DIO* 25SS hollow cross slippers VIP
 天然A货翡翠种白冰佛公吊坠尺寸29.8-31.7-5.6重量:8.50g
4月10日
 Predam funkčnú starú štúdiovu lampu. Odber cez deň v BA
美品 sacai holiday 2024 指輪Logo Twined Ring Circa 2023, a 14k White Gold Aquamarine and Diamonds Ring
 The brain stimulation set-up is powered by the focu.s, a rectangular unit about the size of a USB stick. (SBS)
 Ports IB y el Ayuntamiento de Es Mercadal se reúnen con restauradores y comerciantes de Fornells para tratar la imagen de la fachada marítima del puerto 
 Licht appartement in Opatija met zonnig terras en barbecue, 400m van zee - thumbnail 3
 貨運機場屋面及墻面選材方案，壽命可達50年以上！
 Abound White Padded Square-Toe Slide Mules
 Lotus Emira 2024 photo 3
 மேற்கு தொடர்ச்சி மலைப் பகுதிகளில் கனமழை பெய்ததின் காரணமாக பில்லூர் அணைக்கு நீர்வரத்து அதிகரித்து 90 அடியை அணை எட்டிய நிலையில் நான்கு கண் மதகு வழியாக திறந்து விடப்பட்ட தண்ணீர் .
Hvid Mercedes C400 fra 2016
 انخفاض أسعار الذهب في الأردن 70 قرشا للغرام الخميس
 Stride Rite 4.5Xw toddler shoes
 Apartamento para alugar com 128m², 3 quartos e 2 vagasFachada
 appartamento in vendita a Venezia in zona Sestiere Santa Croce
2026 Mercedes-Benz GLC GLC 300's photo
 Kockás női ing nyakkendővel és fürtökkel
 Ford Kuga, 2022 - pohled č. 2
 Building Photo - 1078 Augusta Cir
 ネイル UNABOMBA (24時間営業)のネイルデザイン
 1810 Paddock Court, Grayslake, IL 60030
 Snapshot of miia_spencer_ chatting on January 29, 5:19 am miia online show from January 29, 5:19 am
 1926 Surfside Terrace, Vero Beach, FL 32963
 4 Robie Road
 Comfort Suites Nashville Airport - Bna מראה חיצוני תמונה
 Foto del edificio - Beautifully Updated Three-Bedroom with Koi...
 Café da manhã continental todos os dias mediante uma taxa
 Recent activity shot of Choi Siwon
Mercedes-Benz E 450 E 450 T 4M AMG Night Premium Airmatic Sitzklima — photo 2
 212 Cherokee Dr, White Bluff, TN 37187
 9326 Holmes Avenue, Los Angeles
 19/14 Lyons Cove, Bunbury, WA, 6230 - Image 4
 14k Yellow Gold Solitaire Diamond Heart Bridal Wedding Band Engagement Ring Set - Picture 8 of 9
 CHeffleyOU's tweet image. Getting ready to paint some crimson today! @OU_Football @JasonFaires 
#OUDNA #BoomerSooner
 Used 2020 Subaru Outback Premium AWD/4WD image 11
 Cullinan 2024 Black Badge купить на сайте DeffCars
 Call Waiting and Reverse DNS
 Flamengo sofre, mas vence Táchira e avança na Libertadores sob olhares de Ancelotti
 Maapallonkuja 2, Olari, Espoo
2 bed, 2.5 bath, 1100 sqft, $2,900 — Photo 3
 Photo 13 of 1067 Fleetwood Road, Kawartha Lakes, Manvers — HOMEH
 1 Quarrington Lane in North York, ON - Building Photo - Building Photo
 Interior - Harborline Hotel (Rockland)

-*-*-

▶ EXERCISE DIRECTIONS: Transcribe each line of the data above, unaltered, from the one where "貨運機場屋面及墻面選材方案，壽命可達50年以上！" appears to the one where "1810 Paddock Court, Grayslake, IL 60030" appears, inclusive of both.

▶ ANSWER SPACE:
 貨運機場屋面及墻面選材方案，壽命可達50年以上！
 Abound White Padded Square-Toe Slide Mules
 Lotus Emira 2024 photo 3
 மேற்கு தொடர்ச்சி மலைப் பகுதிகளில் கனமழை பெய்ததின் காரணமாக பில்லூர் அணைக்கு நீர்வரத்து அதிகரித்து 90 அடியை அணை எட்டிய நிலையில் நான்கு கண் மதகு வழியாக திறந்து விடப்பட்ட தண்ணீர் .
Hvid Mercedes C400 fra 2016
 انخفاض أسعار الذهب في الأردن 70 قرشا للغرام الخميس
 Stride Rite 4.5Xw toddler shoes
 Apartamento para alugar com 128m², 3 quartos e 2 vagasFachada
 appartamento in vendita a Venezia in zona Sestiere Santa Croce
2026 Mercedes-Benz GLC GLC 300's photo
 Kockás női ing nyakkendővel és fürtökkel
 Ford Kuga, 2022 - pohled č. 2
 Building Photo - 1078 Augusta Cir
 ネイル UNABOMBA (24時間営業)のネイルデザイン
 1810 Paddock Court, Grayslake, IL 60030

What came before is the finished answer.